The Mathematics of ECE

Logistics

A square matrix $Q$ is called orthogonal if its columns are an orthonormal set, i.e. $Q^{T} Q = I$ .
Drill: Prove that every orthogonal matrix also has orthogonal rows.
- Hint: what is one way to interpret the statement $Q^{T} Q = I$ ?
Drill: Prove that every orthogonal matrix has determinant $\pm 1$ .
- Hint: Recall two properties of the determinant are $det (A B) = det (A) det (B)$ and $det (A^{T}) = det (A)$ .
A square matrix $S$ is called symmetric if it is equal to its transpose, i.e. $S^{T} = S$ .
Properties:
- The set of symmetric matrices is a vector subspace of the set of all real square matrices.
- $A^{- 1}$ is symmetric if and only if $A$ is symmetric.
- All symmetric matrices are diagonalizable. Further, for any symmetric matrix $S$ there exists an orthonormal set of eigenvectors such that $S$ has eigendecomposition $S = V Λ V^{T}$ , where $V$ is an orthogonal matrix; all eigenvalues are guaranteed to be real, hence $Λ$ is a real diagonal matrix.
  - (These are results of the spectral theorem, which really deserves its own lecture…)
Drill: Prove that for symmetric matrix $S$ and any positive integer $n$ the matrix $A^{n}$ is symmetric.

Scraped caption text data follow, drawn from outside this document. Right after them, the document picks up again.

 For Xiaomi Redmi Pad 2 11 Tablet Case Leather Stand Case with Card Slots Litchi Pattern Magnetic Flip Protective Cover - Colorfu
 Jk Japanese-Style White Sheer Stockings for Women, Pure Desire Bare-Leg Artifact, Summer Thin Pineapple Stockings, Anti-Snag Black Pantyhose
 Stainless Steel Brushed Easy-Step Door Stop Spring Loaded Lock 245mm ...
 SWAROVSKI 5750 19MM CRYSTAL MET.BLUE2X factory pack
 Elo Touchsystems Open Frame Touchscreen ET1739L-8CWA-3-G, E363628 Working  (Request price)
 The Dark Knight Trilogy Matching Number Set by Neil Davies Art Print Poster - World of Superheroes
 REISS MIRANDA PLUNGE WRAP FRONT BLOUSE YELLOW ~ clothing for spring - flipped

Any matrix $A \in R^{m \times n}$ may be described by two orthogonal matrices $U \in R^{m \times m}, V \in R^{n \times n}$ and a diagonal (up to the matrix border) non-negative matrix $Σ$ as $A = U Σ V^{T}$

Visualization of the SVD for a 2x2 matrix
(reproduced with permission from Wikipedia)
Intuition: The SVD is a powerful tool to describe the action of any matrix in terms of an orthonormal change of basis ( $V^{T}$ ), non-negative component-wise scaling ( $Σ$ ), and an orthonormal basis reconstruction ( $U$ ).
Drill: Let $A$ have SVD $A = U Σ V^{T}$ . Prove that $A^{T} A$ and $A A^{T}$ share all of their nonzero eigenvalues, and further show that these eigenvalues are exactly the squares of the nonzero diagonal elements of $Σ$ .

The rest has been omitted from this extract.